What does it mean for your company to be competitively positioned?
The reality is most companies have an idea of how they stack up against their competition. However, the problem is that idea may not be one-hundred percent or even fifty percent of the reality.
We break down competition into three different categories:
- Direct Competition
- Indirect Competition
- Non-Business Model Competition
Direct Competition
Direct competitors are the obvious competitors that you run into all the time at the tail end of the buyer's journey -- at the tail end of your sales cycle. When you send out a proposal and you're going back and forth with the client, these are the competitors who you're being lined up with like you're in a dog and pony show.
This is inherently who's clobbering your margins. Because your company's not well differentiated, you didn't intercept the client early enough. The client just sees you as substitutable, interchangeable commodities. Those are your direct competitors.
Indirect Competition
Indirect competitors do similar things to what you do. They sell similar products and services to your company.
The differences with indirect competitors is they’re either a lot larger than your company, they’re perhaps a lot smaller than your company, or they’re not quite as graphically relevant as your company. This means that if you sell a product or service where you know the majority of your clients like to purchase locally, someone that's across the country -- a few hundred miles or a few thousand miles away -- is not a direct competitor if you know you're buyer’s preferences are very strongly aligned with local.
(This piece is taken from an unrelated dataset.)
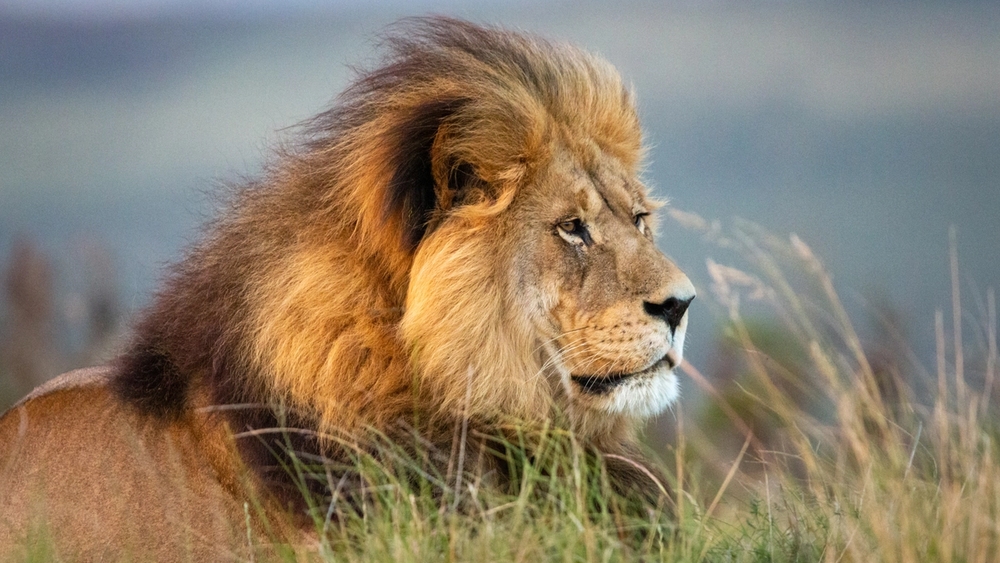 Safari vehicle parked under a tree in a savanna at sunset.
Along the same lines, say that your company is doing $5 million a year in revenue. Is a company that’s doing $5 billion in revenue that is a thousand times bigger than your company really a direct competitor? You might see them as a competitor, but chances are, they don't even know you exist. They would be an indirect competitor.
Geography and size a lot of times are big determinants of whether someone is a direct competitor versus an indirect competitor.
Non-Business Model Competition
Non-business model competition is a completely different animal that people very rarely think about -- and that’s a big mistake. And I’ll tell you why. Non-business model competitors refer to the companies that are creating educational, thought leadership content on a regular basis about the products and services and the problems that they solve.
For example, let's say you own an IT company and one of the things that your IT company does is provide cybersecurity audits. You're not just up against other IT companies that are in your market that are similarly sized and provide similar services, you’re up against all of the other companies and organizations that create content about your topics.
These could be a local newspaper, a local business journal, a local association or chamber of commerce, or a software or hardware vendor with that you could potentially be a channel partner. It could be a competing product or something that you're already a channel partner for.
These are companies and organizations that have a vested interest in creating content about topics that are relevant to your future, potential clients but who are not in any way, shape, or form in your business model competing with you.
The Bottom Line
Think about those three broad categories. Because most of the time, when we ask people about competitive positioning, they're obsessed with direct competition -- the obvious competitors that they bump into. Many times they think way too much about indirect competition with companies that are way too big or way too small to be relevant to their ideal buyer personas that they’re looking to attract. Maybe they're not even in the same geographic region or in the same market.
But what usually catches people completely off-guard are non-business model competitors. Those are the ones that you're going to have to elbow out of the way to convince search engines that you have one of the ten best pieces of advice on a particular topic.
In terms of competitive positioning, don’t just think about what happens at the absolute end of the buyer’s journey -- in the last twenty or thirty percent when somebody is coming down the home stretch and ready to make a decision. We need to intercept them as early on as possible. In order to do that, our educational content has to rock our way to the top of the search results from a competitive positioning standpoint.